Shareholders of TELUS Digital will have several consideration options: receiving US$4.50 in cash, 0.273 of a TELUS common share, or a combination of US$2.25 in cash and 0.136 of a TELUS common share. Shareholder elections for options involving TELUS common shares will be subject to proration, ensuring that the aggregate consideration includes no more than 25% in TELUS common shares.

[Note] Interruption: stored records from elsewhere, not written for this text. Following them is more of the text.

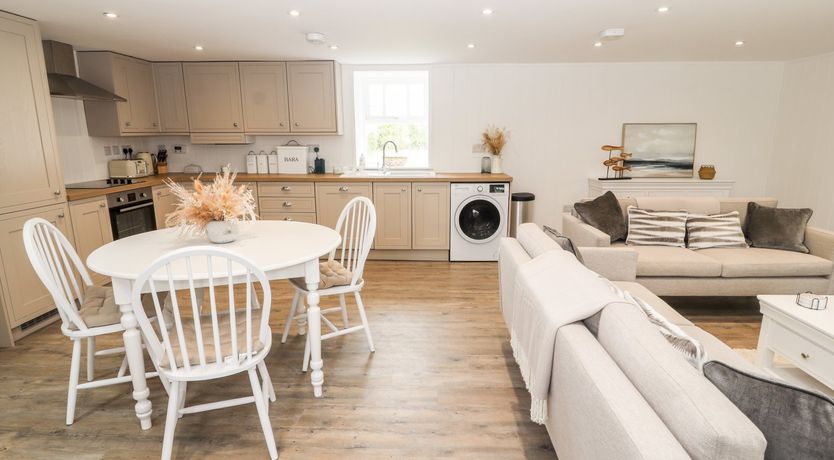 Photo of Ty Bach Twt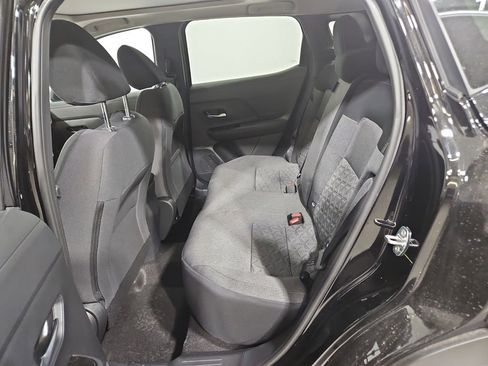 New 2026 Nissan Kicks SV image 24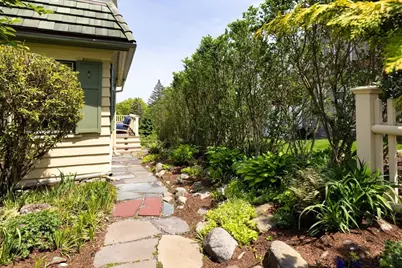 20 Moss Hill Rd, Boston, MA 02130 - Photo 11
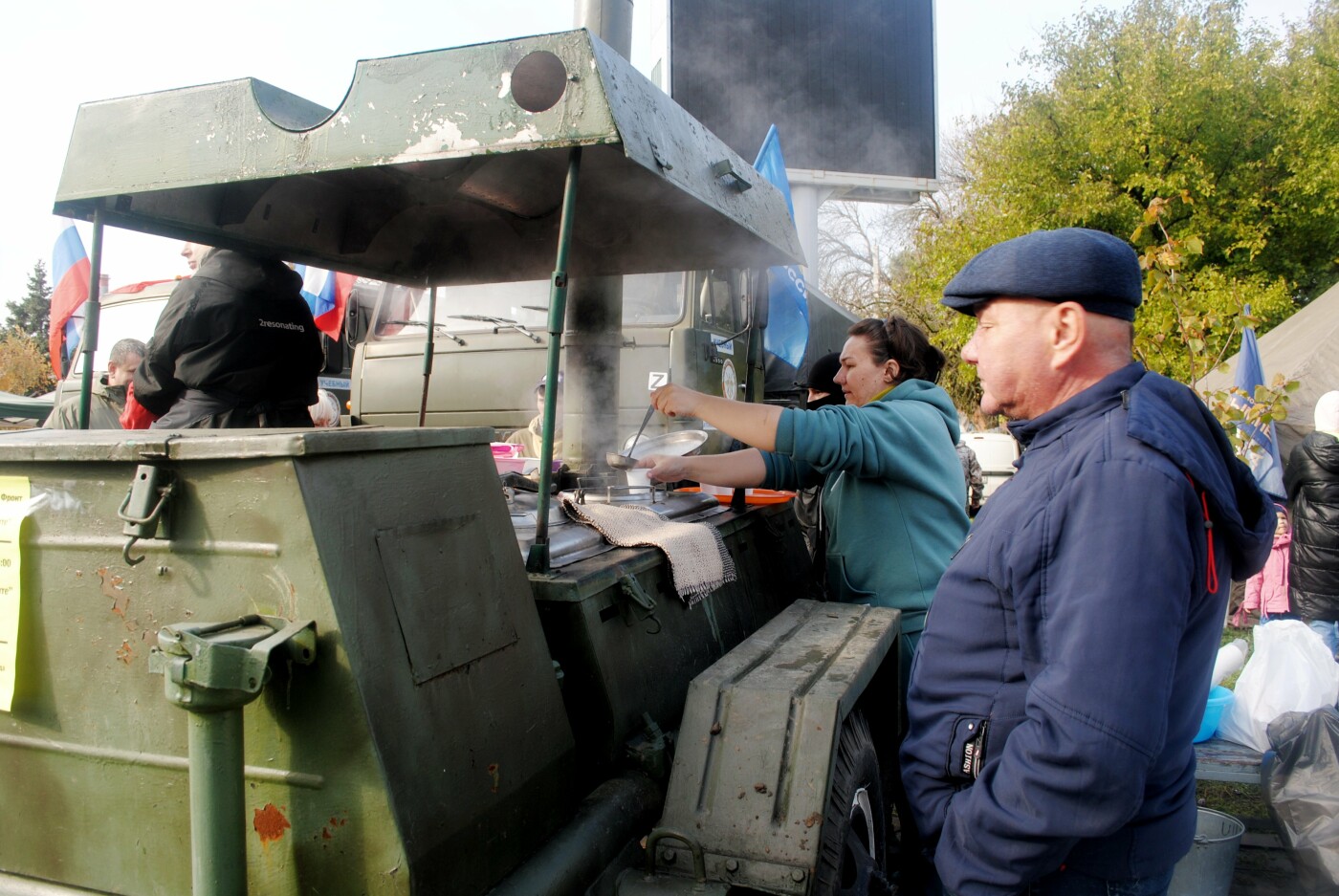 Военные машины, полевая кухня, военная палатка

Strategic Alignment and Growth Drivers

TELUS Corporation's acquisition of TELUS Digital is a strategic move designed to bolster its Artificial Intelligence (AI) and Software-as-a-Service (SaaS) capabilities across its diverse business lines. Darren Entwistle, President and CEO of TELUS, emphasized the rationale:

"Closer operational proximity between TELUS and TELUS Digital will enable enhanced AI capabilities and SaaS transformation across all lines of our business, including telecommunications, TELUS Health and TELUS Agriculture & Consumer Goods, driving positive outcomes for the customers we serve on a global basis."

This integration is expected to accelerate TELUS's global growth in key verticals, including financial technology, gaming and technology, communications and media, and health. The move is intended to leverage TELUS Digital's expertise in digital customer experience solutions and AI innovations to drive operational synergies and long-term value creation.

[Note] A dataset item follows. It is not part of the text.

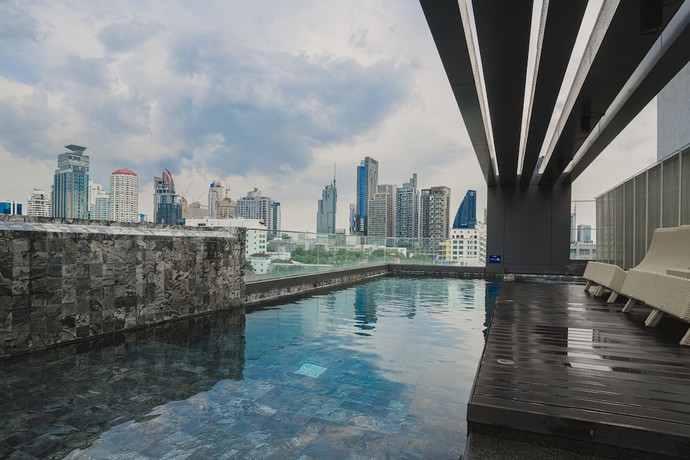 Imagen de la piscina del Hotel VOQUE and Serviced Residence Sukhumvit 51. Foto 15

TELUS Digital's Financial Performance and Valuation Context

While the acquisition price reflects a significant premium, TELUS Digital's recent financial performance has presented challenges. In the second quarter of 2025, the company reported a net loss of $272 million, primarily attributed to a $224 million non-cash goodwill impairment charge. Despite this, TELUS Digital recorded a 7% year-over-year revenue growth, reaching $699 million in Q2 2025. Adjusted EBITDA, however, saw a 38% decline year-over-year, settling at $94 million for the same period. The trailing twelve-month revenue stood at $2.72 billion, with a net loss margin expanding to 21.7% in the first half of 2025 from a 1.9% profit margin in the prior-year period. As of September 2, 2025, TELUS Digital had a market capitalization of $1.25 billion. The acquisition price, despite these recent losses, underscores TELUS Corporation's confidence in TELUS Digital's AI and SaaS capabilities and its long-term strategic value rather than its current earnings trajectory.

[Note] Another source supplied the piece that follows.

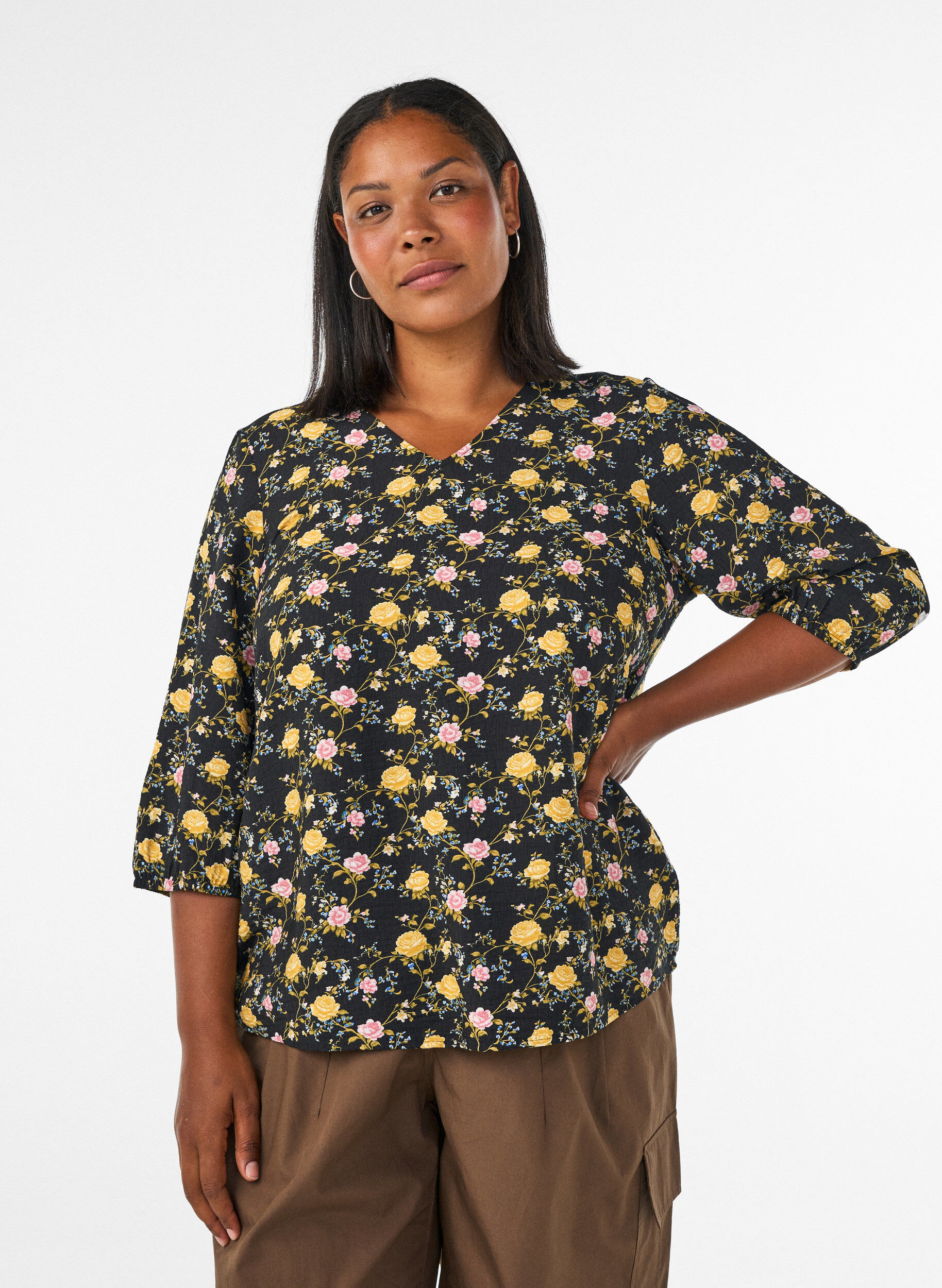 ZizziKuviollinen viskoosipusero 3/4-hihoilla, Musta, Model image number 0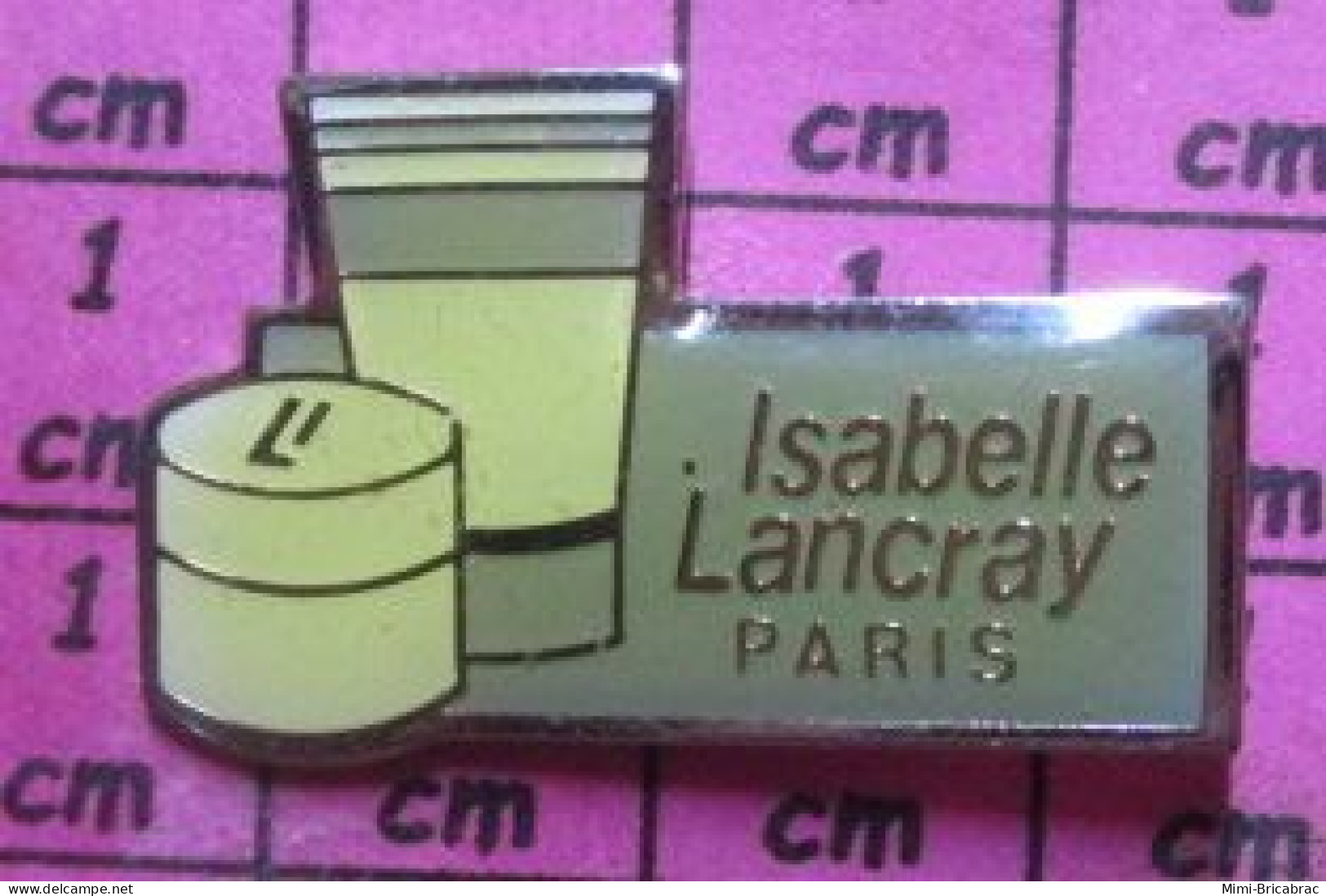 410B Pin's Pins / Beau Et Rare / MARQUES / COSMETIQUES ISABELLE LANCRAY PARIS - Photographie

Path to Transaction Completion and Future Outlook

The transaction is subject to shareholder approval at a Special Meeting scheduled for October 27, 2025. For approval, the Arrangement requires at least two-thirds (66⅔%) of votes cast by holders of subordinate voting shares and multiple voting shares (voting together as a single class) and a simple majority of votes cast by holders of subordinate voting shares (excluding TELUS and its affiliates). EQT, TELUS Digital's largest minority shareholder, holding approximately 37.7% of the outstanding subordinate voting shares post-conversion, has agreed to vote in favor of the transaction. The record date for shareholders entitled to vote was September 12, 2025, with the proxy voting deadline set for October 23, 2025. Subject to court approval, regulatory approvals, and other customary closing conditions, the acquisition is anticipated to close in the fourth quarter of 2025. Following the completion of the transaction, TELUS Digital subordinate voting shares are expected to be delisted from the NYSE and the Toronto Stock Exchange (TSX), ceasing to be a reporting issuer in Canada. This integration is expected to position TELUS to further enhance its competitive standing and market share in the rapidly evolving digital services landscape.